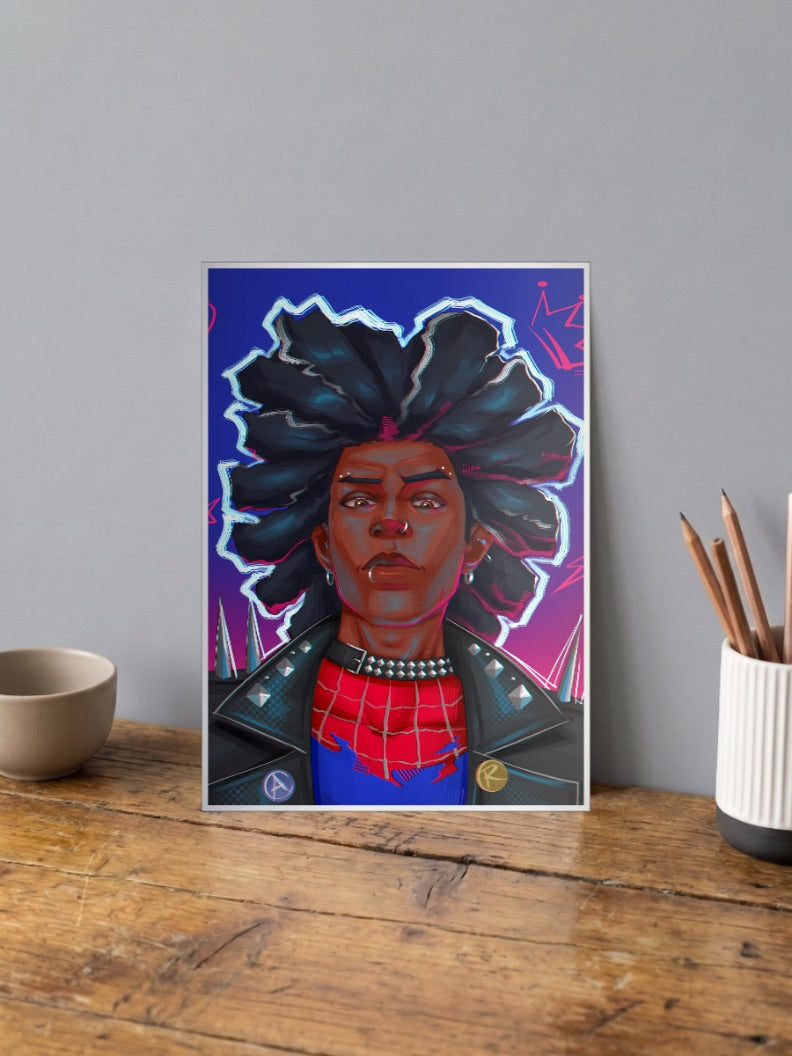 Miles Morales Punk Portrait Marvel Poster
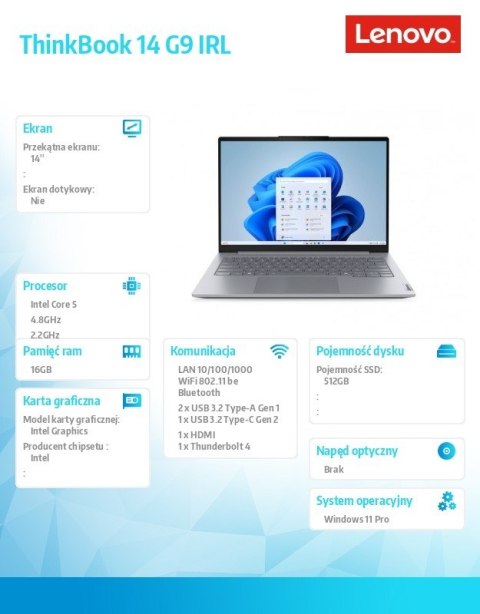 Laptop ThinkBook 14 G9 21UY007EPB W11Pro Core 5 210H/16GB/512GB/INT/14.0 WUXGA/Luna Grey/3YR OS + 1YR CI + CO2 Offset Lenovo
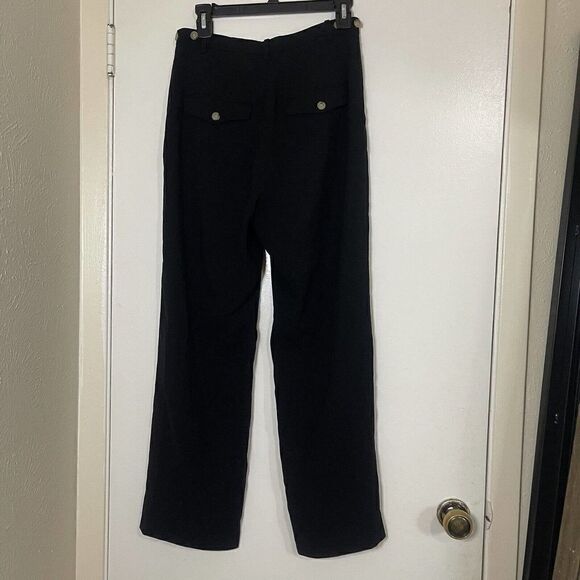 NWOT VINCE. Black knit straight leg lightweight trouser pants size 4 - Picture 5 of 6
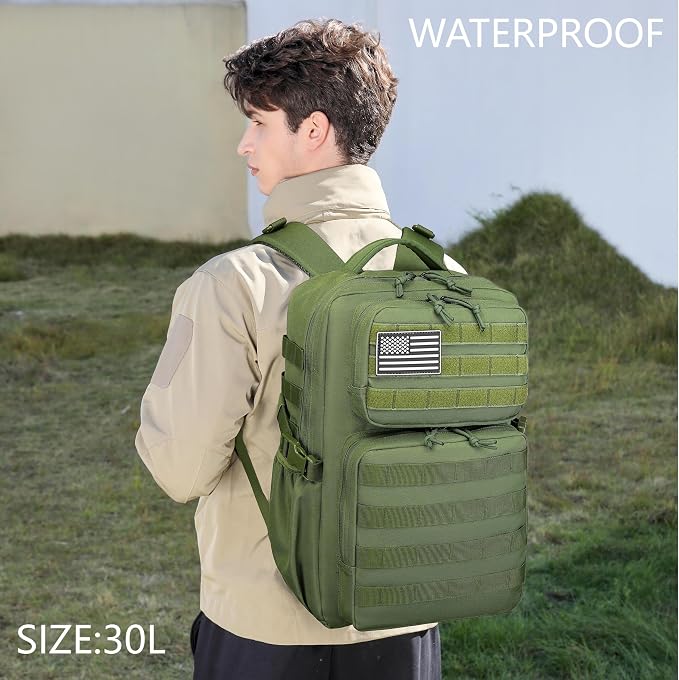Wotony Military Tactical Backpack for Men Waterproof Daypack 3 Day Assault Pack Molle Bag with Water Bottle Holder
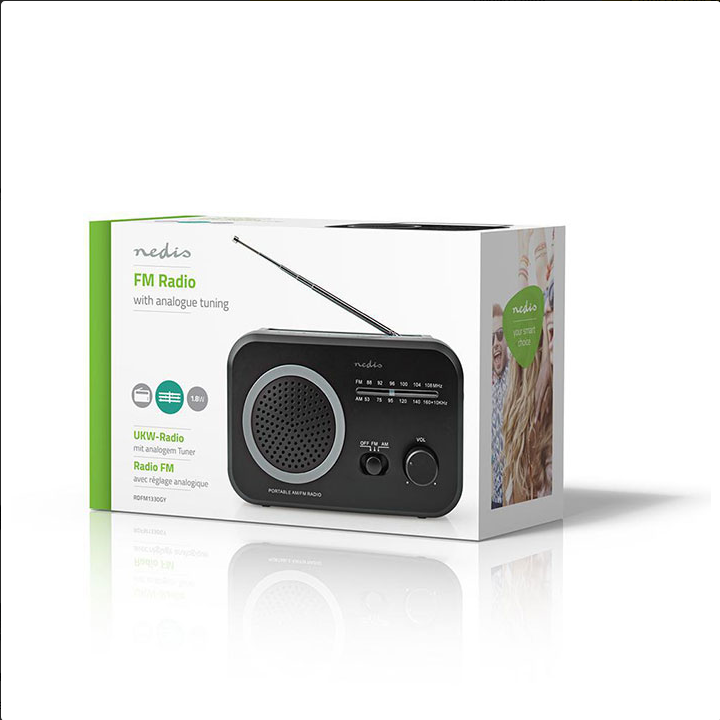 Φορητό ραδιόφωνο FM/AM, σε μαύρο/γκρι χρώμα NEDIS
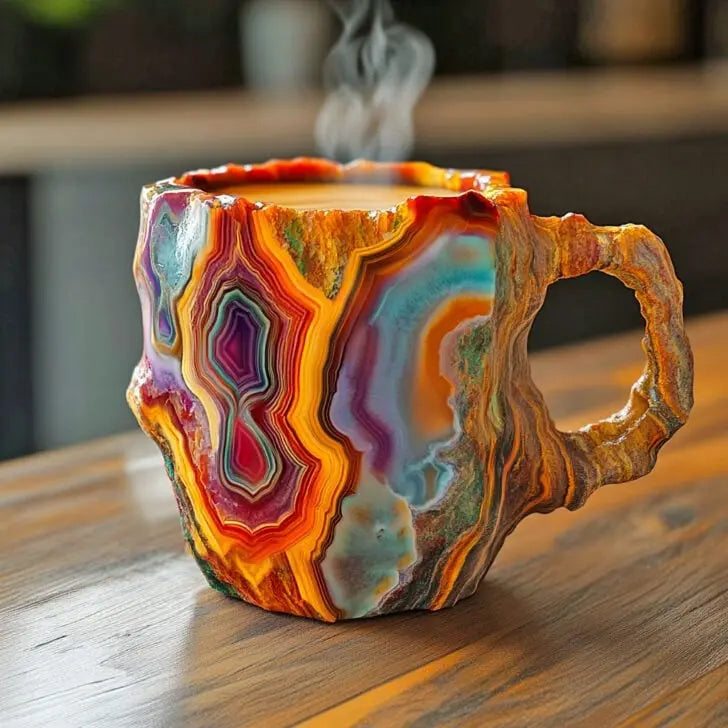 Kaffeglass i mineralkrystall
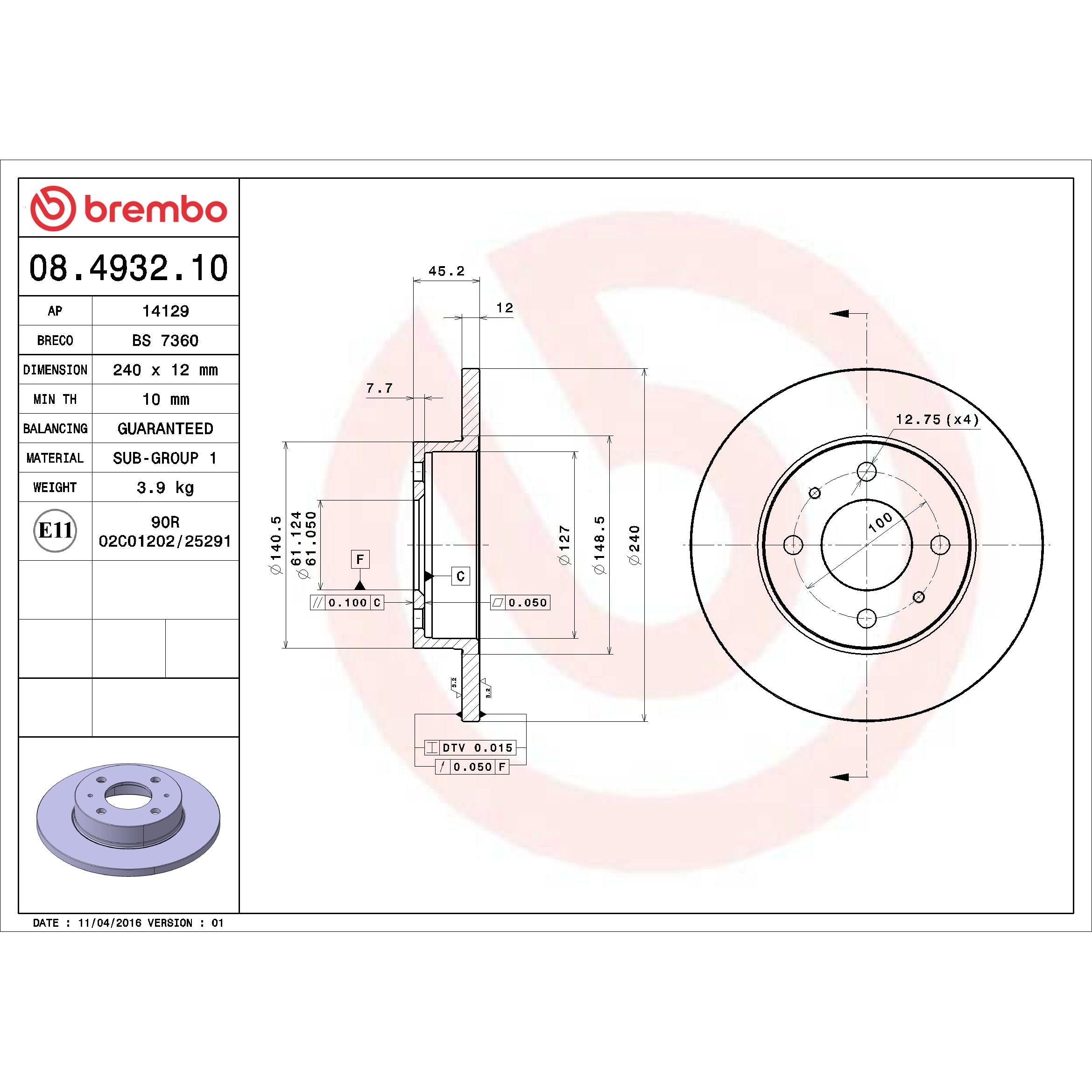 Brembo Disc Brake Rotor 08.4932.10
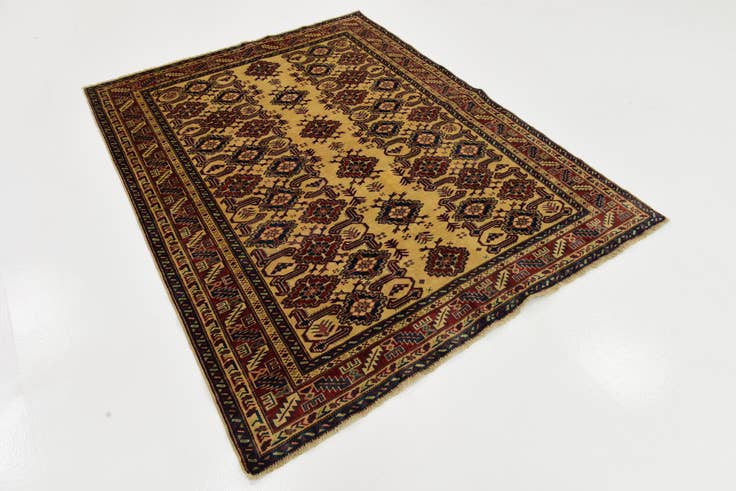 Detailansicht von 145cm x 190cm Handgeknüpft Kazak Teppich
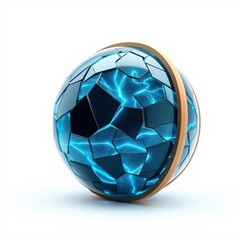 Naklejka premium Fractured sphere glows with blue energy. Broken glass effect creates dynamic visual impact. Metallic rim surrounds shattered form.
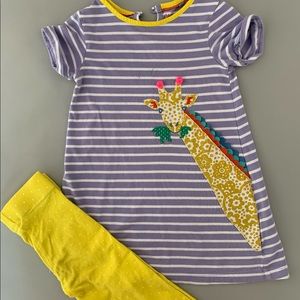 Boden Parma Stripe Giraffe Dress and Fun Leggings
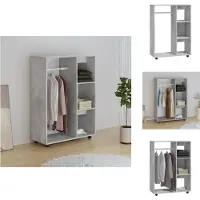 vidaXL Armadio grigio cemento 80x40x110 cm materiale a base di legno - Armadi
========================
--- WORK ORDER ---
Copying starts at the line containing "Brembo Disc Brake Rotor 08.4932.10" and ends at the last line of the material above; repeat only those lines exactly and omit the pictures.

--- RESPONSE BELOW ---
 Brembo Disc Brake Rotor 08.4932.10
 Detailansicht von 145cm x 190cm Handgeknüpft Kazak Teppich
 Naklejka premium Fractured sphere glows with blue energy. Broken glass effect creates dynamic visual impact. Metallic rim surrounds shattered form.
 Boden Parma Stripe Giraffe Dress and Fun Leggings
 vidaXL Armadio grigio cemento 80x40x110 cm materiale a base di legno - Armadi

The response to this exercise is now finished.